The Comoros has a university called the University of Comoros. Teacher training and other specialized courses are available at the M'Vouni School for Higher Education, in operation since 1981 at a site near Moroni. Few Comoran teachers study overseas, but the republic often cannot give its teachers all the training they need. Some international aid has been provided, however, to further teacher training in the islands themselves. For example, in 1987 the IDA extended credits worth US$7.9 million to train 3,000 primary and 350 secondary school teachers. In 1986 the government began opening technology training centers offering a three-year diploma program at the upper secondary level. The Ministry of National Education and Professional Training is responsible for education policy.

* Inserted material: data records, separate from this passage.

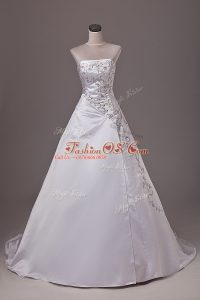 Flare White Wedding Gown Taffeta Brush Train Sleeveless Embroidery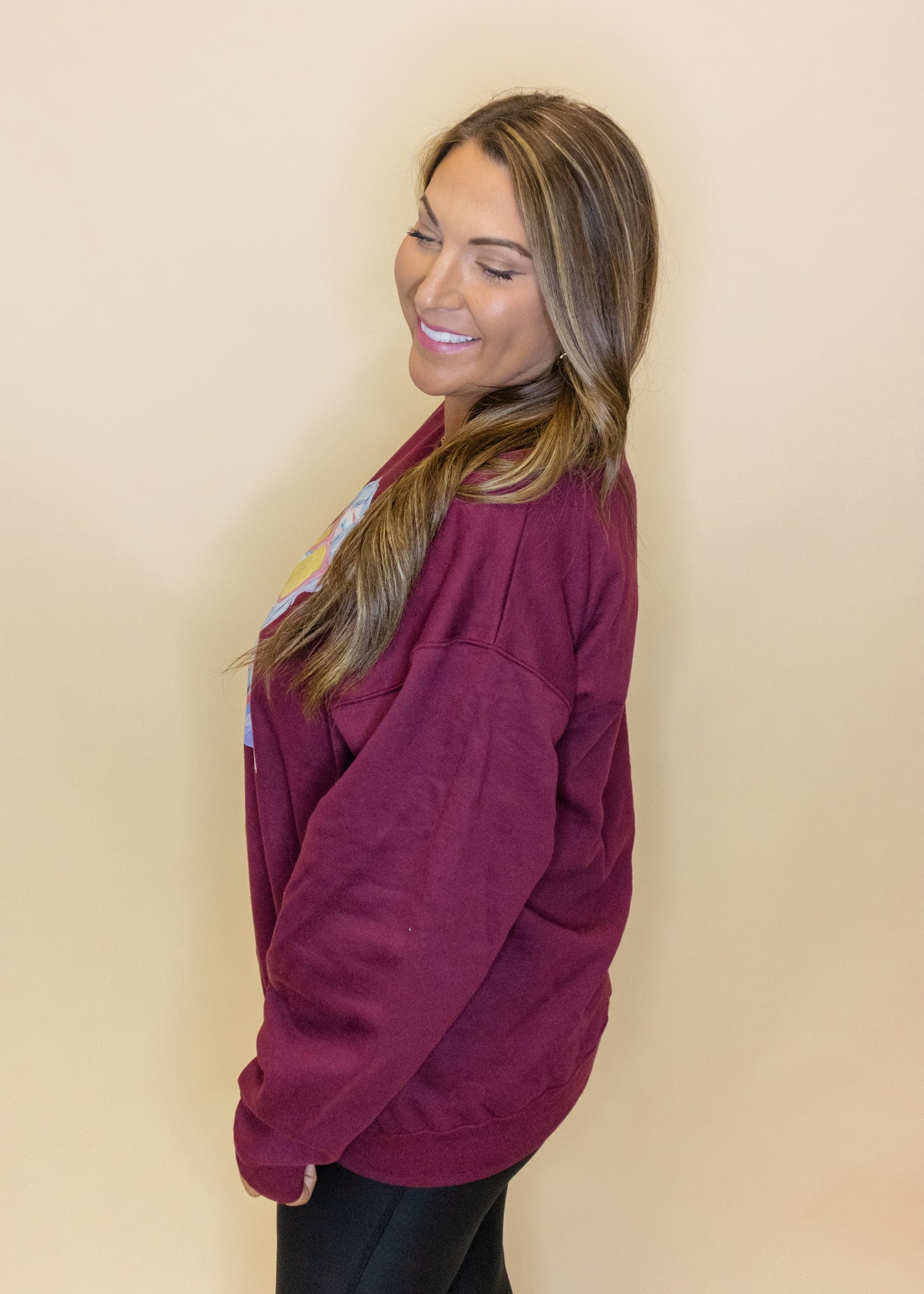 Fun Bulldog on Maroon Sweatshirt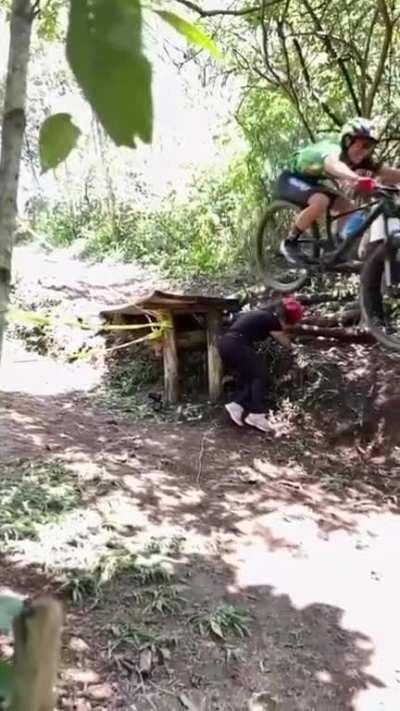 WCGW crossing a bike track during a bike race?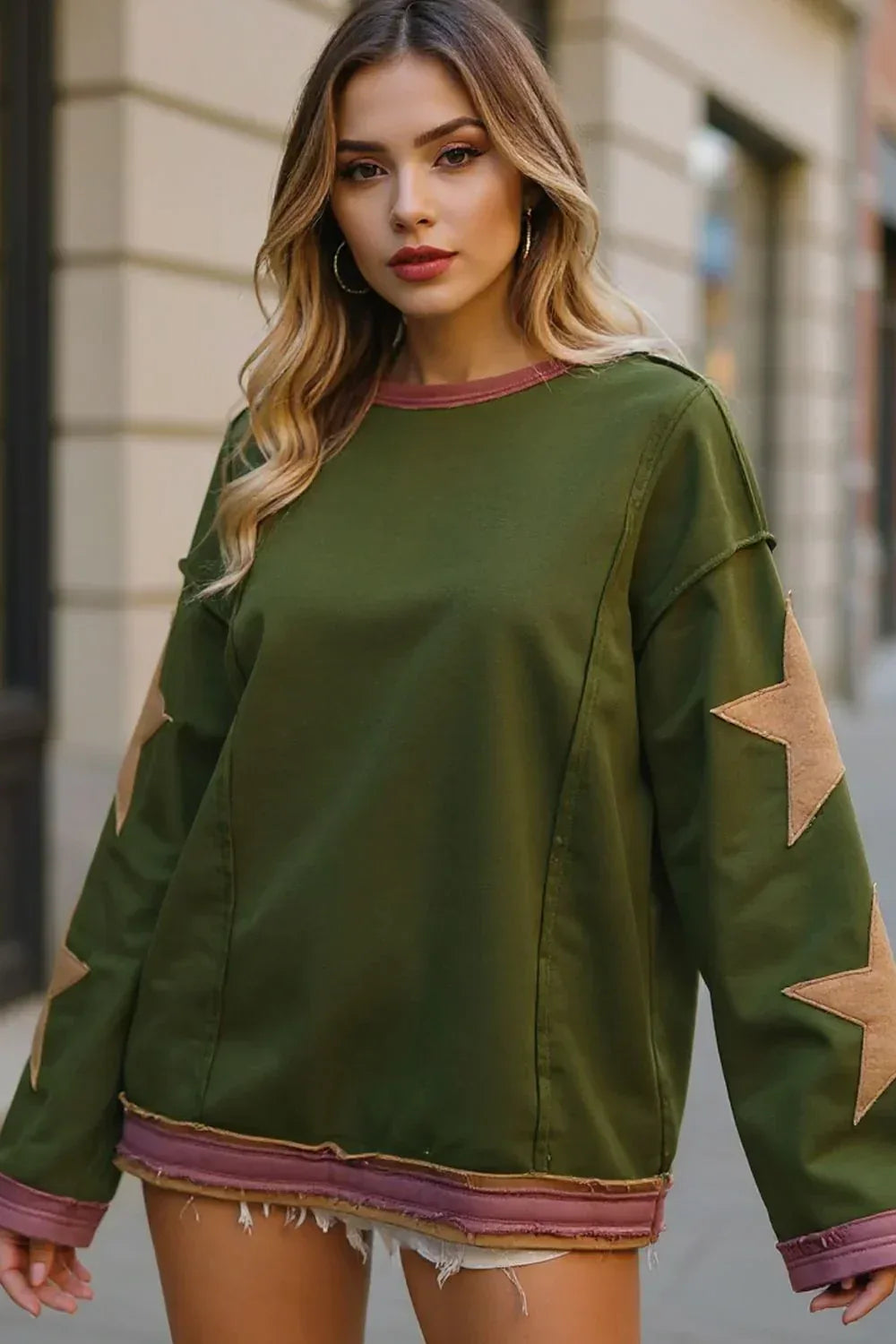 Double Take Star Patched Long Sleeve Sweatshirt - DAVERRI FASHIONS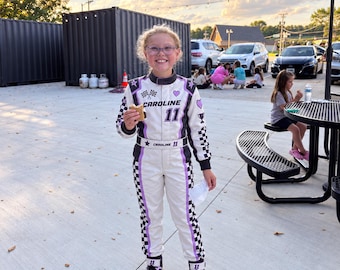 Personalized Girls Racing Suit, Kids Racing Jumpsuit, Custom Name Number Race Car Outfit, Birthday Costume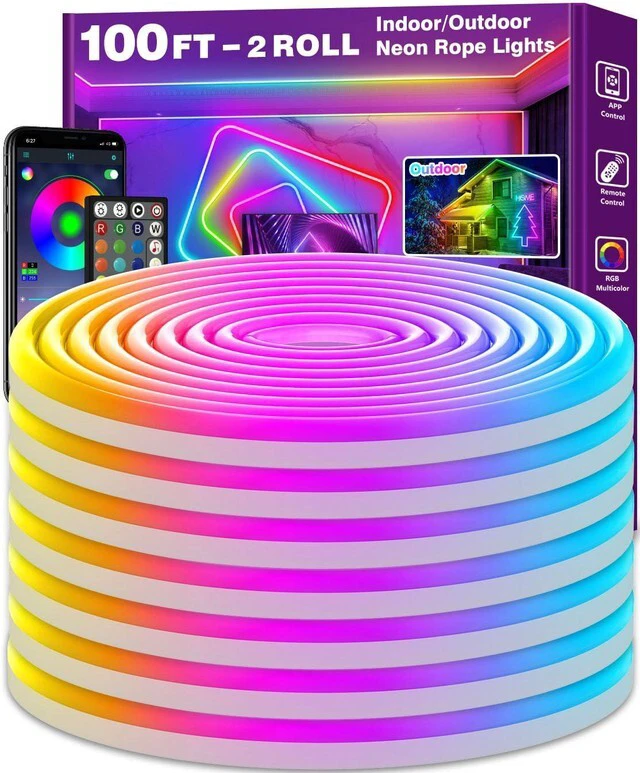 Main image of 100Ft Neon Rope Lights,Flexible Led Rope Lights Control with App/Remote,Multiple Modes Music Sync Gaming RGB Led Neon Lights for Bedroom Outdoor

As elsewhere in Comoran society, political instability has taken a toll on the education system. Routinely announced reductions in force among the civil service, often made in response to international pressure for fiscal reform, sometimes result in teacher strikes. When civil service cutbacks result in canceled classes or examinations, students have at times taken to the streets in protest. Students have also protested, even violently, against government underfunding or general mismanagement of the schools: the World Bank stated in 1994 that the quality of education resulted in such high rates of repetition and dropouts that the average student needed fourteen years to complete the six-year primary cycle.

Primary education is compulsory until the age of 14. However, the government does not enforce attendance, and boys are often given preference. In 2002, the gross primary enrollment rate was 90 percent and in 1999, the most recent year for which data are available, the net primary enrollment rate was 55 percent. Gross and net enrollment ratios are based on the number of students formally registered in primary school and therefore do not necessarily reflect actual school attendance. In 2000, 44.2 percent of children ages 5 to 14 years were attending school. There is a general lack of facilities, equipment, qualified teachers, textbooks and other resources. Salaries for teachers are often so far in arrears that many refuse to work.

The Human Rights Measurement Initiative (HRMI) finds that Comoros is fulfilling only 69.8% of what it should be fulfilling for the right to education based on the country's level of income. HRMI breaks down the right to education by looking at the rights to both primary education and secondary education. While taking into consideration Comoros' income level, the nation is achieving 76.7% of what should be possible based on its resources (income) for primary education but only 62.8% for secondary education.